[comp_complex] Solutions

  • From: David Friedman <dkf@xxxxxxxxxx>
  • To: <comp_complex@xxxxxxxxxxxxx>
  • Date: Mon, 12 Apr 2004 15:55:29 -0400 (EDT)

hi everybody,

for the assignment due on Wednesday you are allowed to use a
package such as Mathematica, MatLab, etc. to do the matrix
manipulations.

Also, at the end of the first problem please write all
your answers in approximate numeric form for 1.3-1.6.


 Basic solutions for the last assignment:

 1. The simplification is all seven clauses other than:
 (~pi_1 \/ ~pi_2 \/ ~pi_3)

 anded together.

 1.1. At a minimum 1/2 of the phi_psi,r are false, and for each
 phi_psi_r there are at most 7 clauses of which at a
 minimum only one clause is false, so the minimum
 fraction of clauses that are false is
 1/14. Meaning the machine should accept if more than 13/14
 of the clauses are satisfiable, so epsilon = 1/13.
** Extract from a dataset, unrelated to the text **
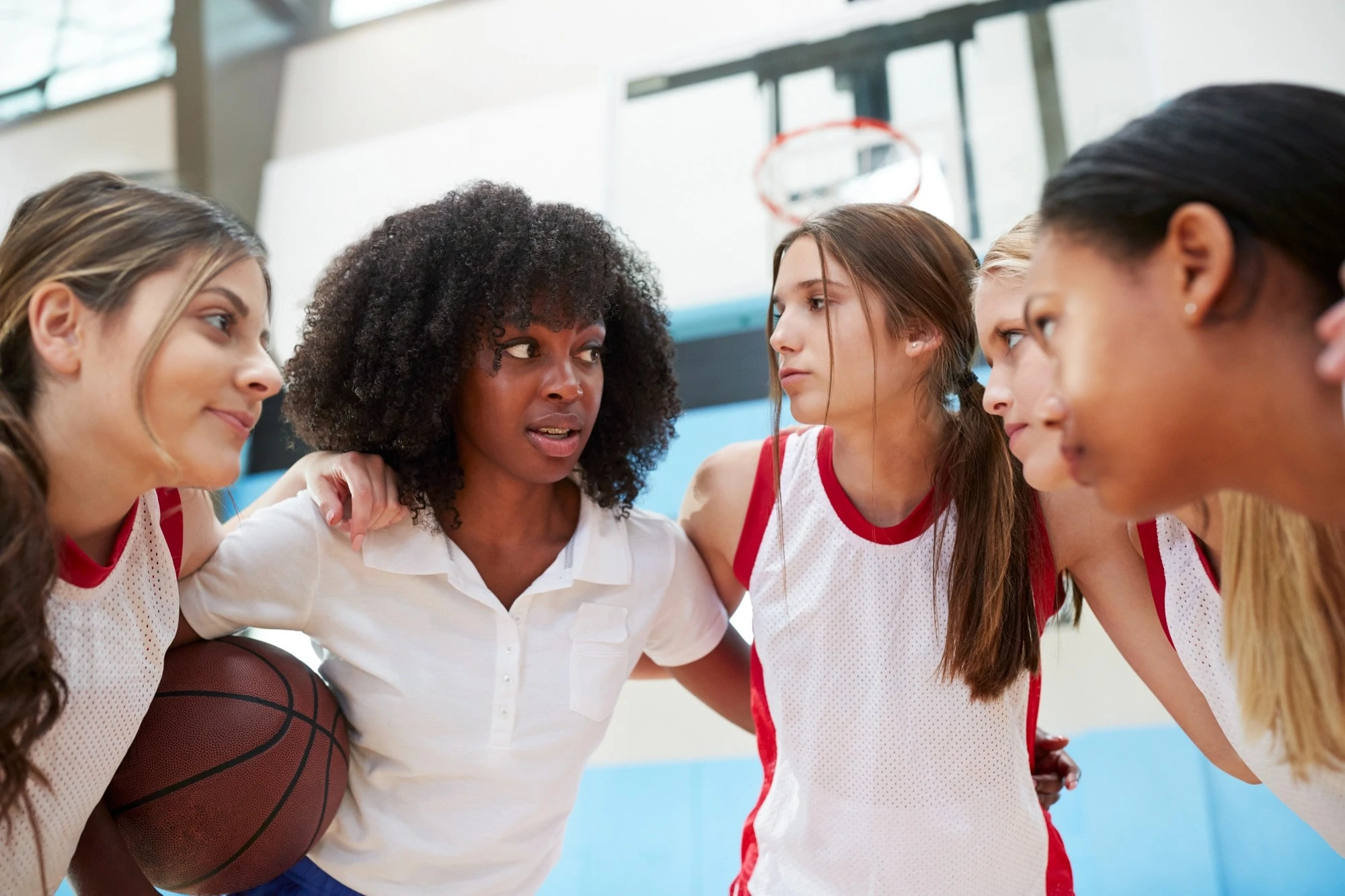 A group of female basketball players huddle together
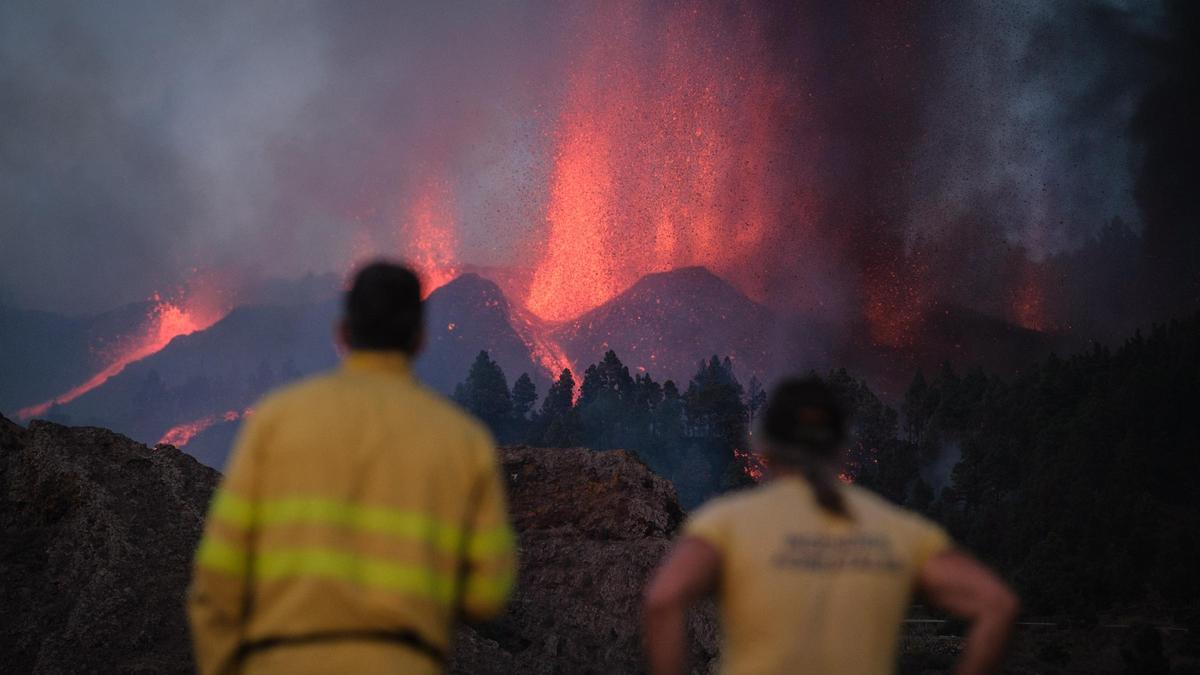 Imagen de archivo en el que se observan a varios operarios de las brigadas forestales contemplando la erupción del Tajogaite.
 2. To prove: w(G) = m ===> w(G^2) >= m^2

 The original clique is v_1 ... v_m   so then
 under the definition (v_1, v_1) .... (v_m, v_m) are
 all connected.

 To prove:  w(G^2) = m^2  ===> w(G) >= m

 Consider the m^2 nodes which form the clique:
              -    -
              | |  | |
  w_1    =   (| |, | |  )
  w_2    =   (| |  | |  )
  ...         | |  | |
  w_m^2  =   (| |  | |  )
               -    -

  There must be at least m distinct nodes in either the
  first column or the second column (otherwise there
  would be duplicates in the list), and all these m
  nodes are connected.

  The two statements combined prove the the theorem, (for if
  when w(G) = m  w(G^2) > m^2 would imply from the second that
  w(G) > m, and similarly the other way)


 3. This problem just asks you to show that the expression accurately
 represents the problem.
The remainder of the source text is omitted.